DATASET CONTENT:
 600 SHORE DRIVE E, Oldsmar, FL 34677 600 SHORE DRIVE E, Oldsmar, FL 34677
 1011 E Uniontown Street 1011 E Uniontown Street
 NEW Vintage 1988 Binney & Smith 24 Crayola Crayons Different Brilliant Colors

* * *

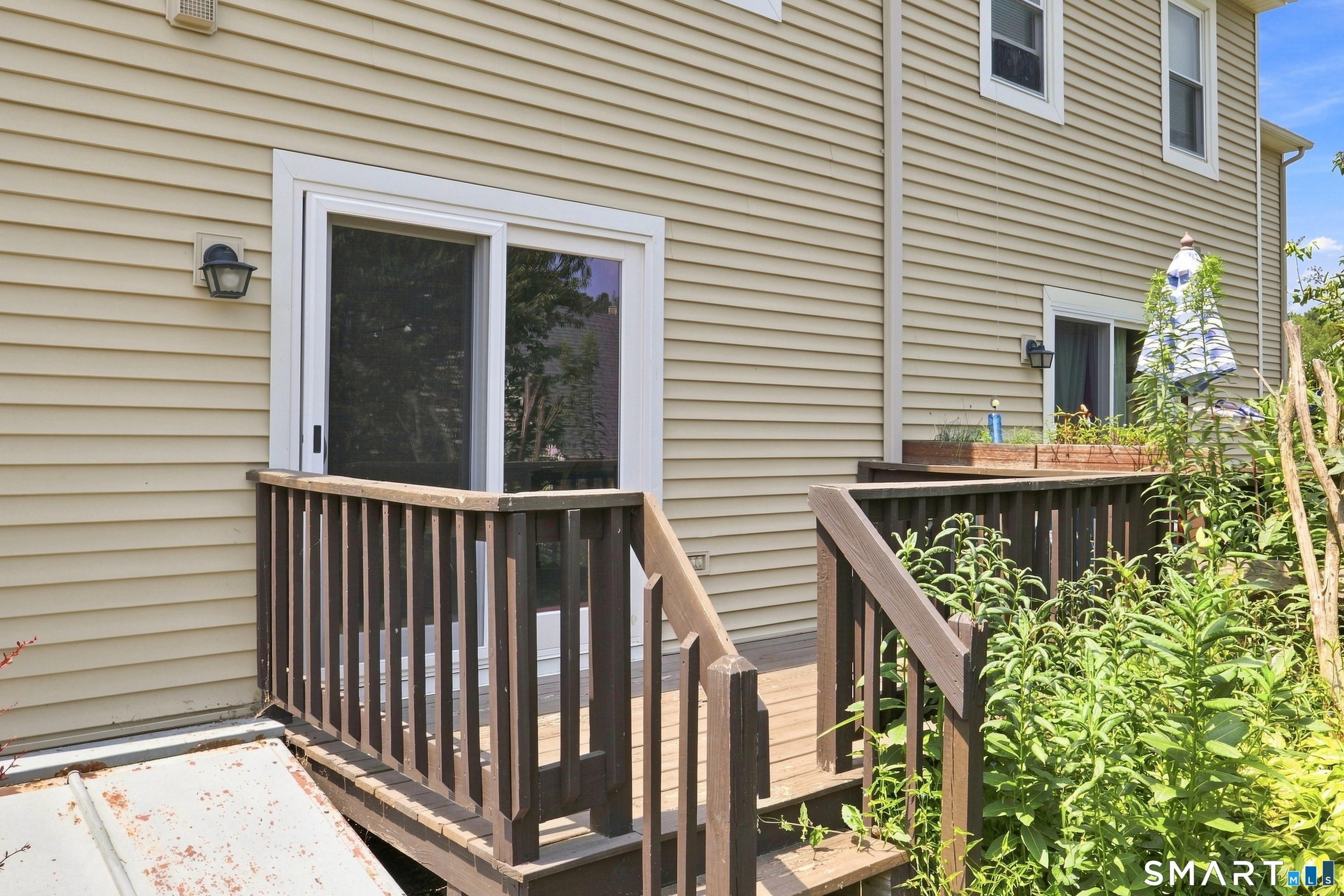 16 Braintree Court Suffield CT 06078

TASK DIRECTIONS: In the entries above, find the line holding "1011 E Uniontown Street 1011" and the line holding "NEW Vintage 1988", then retype exactly those two lines and every line between them, and nothing else.

RESPONSE TO THE TASK:
 1011 E Uniontown Street 1011 E Uniontown Street
 NEW Vintage 1988 Binney & Smith 24 Crayola Crayons Different Brilliant Colors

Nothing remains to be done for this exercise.